Friday, May 11, 2012

Why Wisconsin's Recall Clusterf#@k Matters

POSTED: By Rick Perlstein
wisconsin recall
Spectators cheer as recall volunteers deliver boxes containing signatures to recall Gov. Scott Walker in Madison, Wisconsin.
Mark Hirsch/Getty Images
GREEN LAKE, WISCONSIN – I'll never forget the day the Badger State made me cry. It was last year, on a lovely Saturday in February, and I was in Madison to witness the triumphant return to the state capitol of fourteen Democratic Wisconsin state senators. They'd fled the state 22 days before to deny GOP Gov. Scott Walker the quorum he needed to ram through a bill stripping public workers of their collective bargaining rights. (It passed anyway.) I’d stopped en route for a bathroom break at a packed cafe where ordinary folks looking just like the media's idea of "real Americans" – dudes in John Deere caps and non-ironic flannels and beards who looked like they'd just climbed down from the duck blind; hefty salt-of-the-earth ladies who probably never met plate of arugula in their lives – were making a pitstop before heading back out to vent their anger at the governor. They were practicing something I'd never seen before in my life: potty triage. No parallel queues – a short one to the Men's Room and a long one for the Women's – but just a mass of folks yielding equal-opportunity toilet access to whosoever had to go to the bathroom the worst.
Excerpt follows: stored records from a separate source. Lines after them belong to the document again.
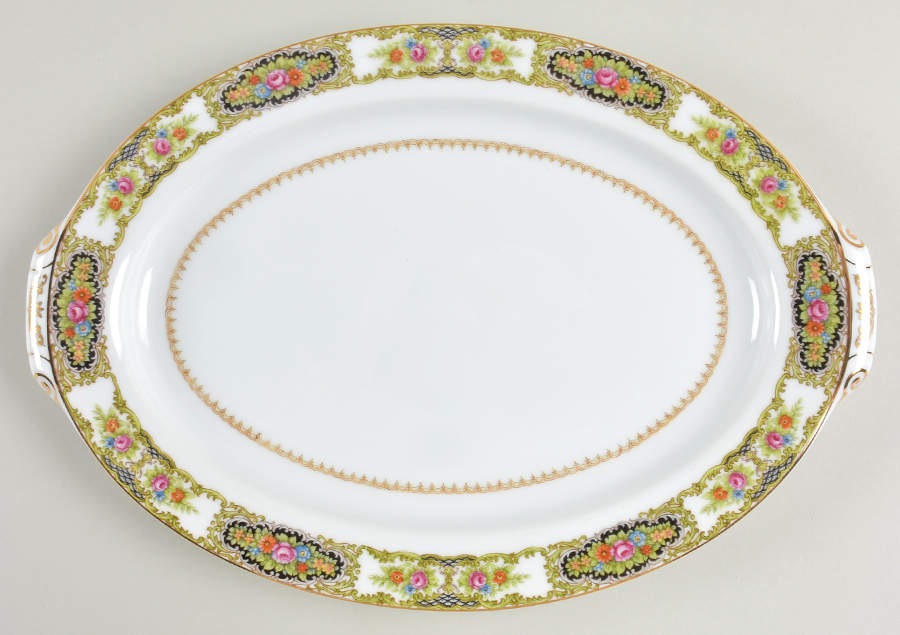 Midnight Queen 12" Oval Serving Platter by Kingsley (Japan)-1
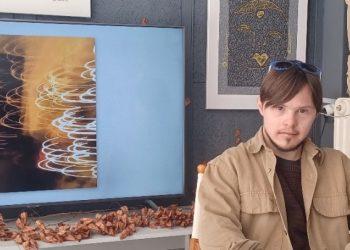 Κοζάνη: Ο Αλέξανδρος, ένας 27χρονος νέος με σύνδρομο Down, παρουσιάζει την πρώτη του έκθεση έργων τέχνης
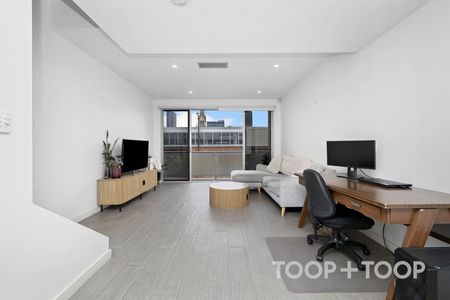 Modern City Living - Walk to Everything! - Photo 2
This, I thought, is what democracy looks like.
The cause of their wrath, Gov. Walker, had ridden the Tea Party wave to a six-point victory the previous November on a vague platform of budget-balancing and job creation. Once in office, he immediately turned around and began whipping his Republican legislative majority to passage of the collective-bargaining bill, and this in the state that, in 1932, first invented the idea of the public employee's union. The measure was called the "Scott Walker Budget Repair Bill." But the public workers had already agreed to concessions in their pension contributions that would have closed the budget shortfall – leaving nobody in doubt that Walker was really out to break the unions. Wisconsinites rose up – all sorts of Wisconsinites. Even public safety workers – police officers and fire fighters – whose unions had endorsed Walker joined the tens of thousands massing at the state capitol day after day, even though Walker had specifically exempted them from his law’s collective-bargaining provisions. The crowds – bigger even than those that gathered at the height of the Vietnam War – marched, sang, partied, exulted. The day I was there, in a solidarity hard hat graciously loaned me by my pal Pipe Fitter Bill, the signs were as funny as anything Jon Stewart's writers could have come up with: "WALKER, DOES YOUR WIFE KNOW YOU'RE SCREWING MINE?"; "WAL-MART CAN RUN SCHOOLS REEL CHEEP."
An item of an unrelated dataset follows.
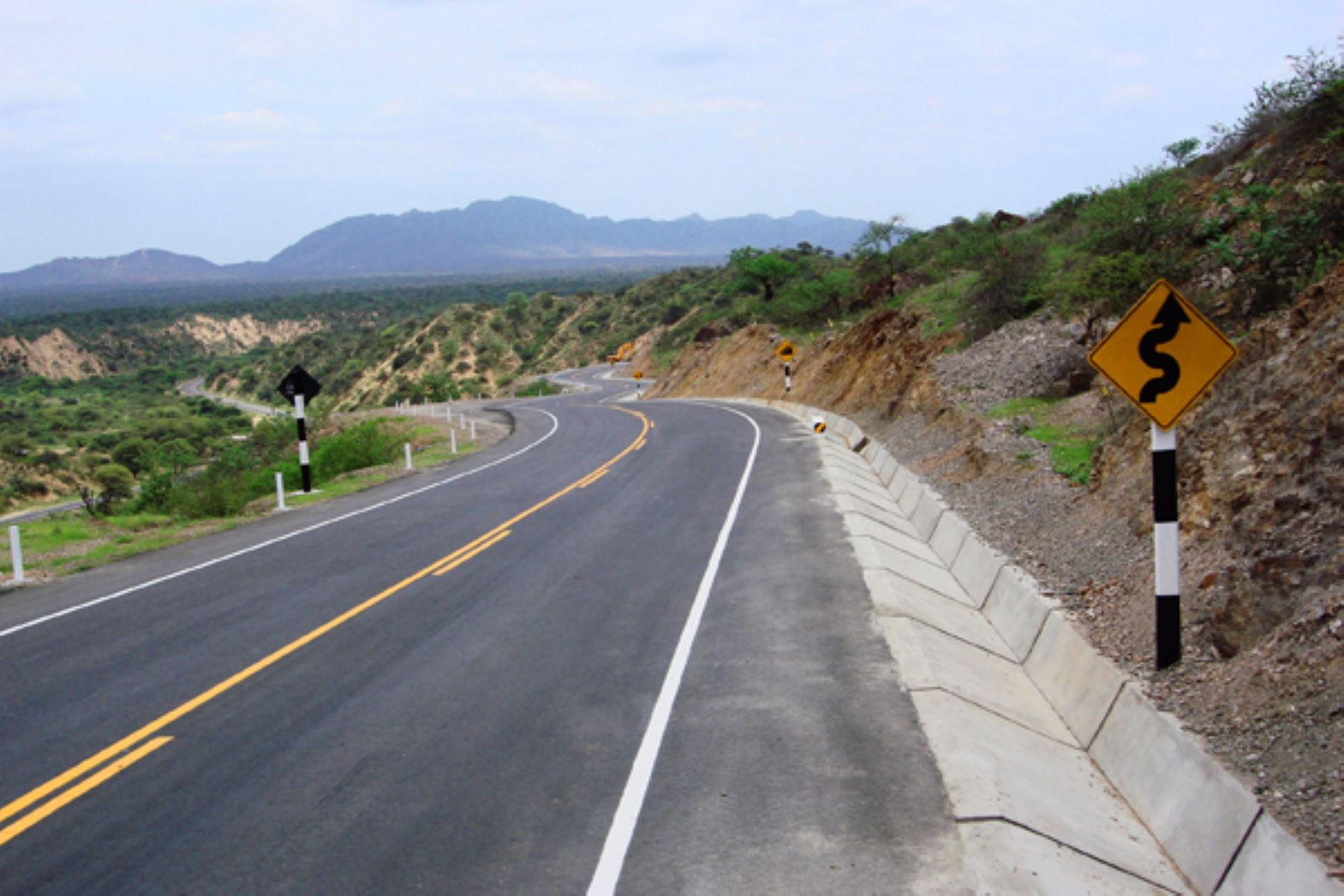 Operarios de obra contentos con la opción rentable para proyectos públicos y privados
The protesters were Middle Americans, and they were loaded for bear. Already, activists that sunny February day were busy gathering petitions to recall Walker and his Republican colleagues in the legislature. They made a strong case. In going after unions' bargaining rights, Walker had pulled a similar bait-and-switch trick to the one George W. Bush tried after his reelection, in 2004, when he proposed privatizing Social Security, claiming his election victory as a phantom "mandate" for an extremist idea he had never even broached on the campaign trail. What’s more, Walker pursued his goal with a secrecy that was deeply offensive to the Wisconsin’s traditions of aboveboard government. The stakes were high, not just for public workers and union members, but for anyone who believed in good government at all. Last July, Racine County took advantage of a provision of the new law's eliminating "union-only" public job classifications and began using prison inmates to do their landscaping, painting, and maintenance work.
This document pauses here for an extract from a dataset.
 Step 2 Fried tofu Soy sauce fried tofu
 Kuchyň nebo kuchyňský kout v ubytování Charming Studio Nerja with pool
When signature-gathering to recall Republican state legislators got off to a strong start last spring, and as the months wore on the news kept getting worse for Gov. Walker. His boast of being a job-creator was crushed when it was announced in October that the state had added only 5,500 non-farm jobs in the previous twelve months. His claim to be a budget balancer was undone by the $1.6 billion in corporate tax breaks he had championed that left the state budget $117 million deeper in arrears. He bent regulations to allow a mine to be built by some sensitive Lake Superior wetlands – no small political blunder in a state where hunting and fishing is religion. By the end of the year, polls found 58 percent of Wisconsin voters favoring his recall – including 24 percent of Republicans, up from only 7 percent in spring. In January this year, the recall election was scheduled for June 5 after an astonishing million voters' signatures were submitted, way more than they needed. In March, a federal judge said Walker's law violated the First Amendment because it maintained collective bargaining rights for the police and fire unions that endorsed him while stripping them from the unions that didn't. In April, the federal courts struck down a strict voter I.D. law designed to make it harder for Democratic constituencies to vote and counted upon by Republicans to help Walker pull through. Then Walker found himself reeling further with the announcement that during the month of March state had lost 4,500 jobs.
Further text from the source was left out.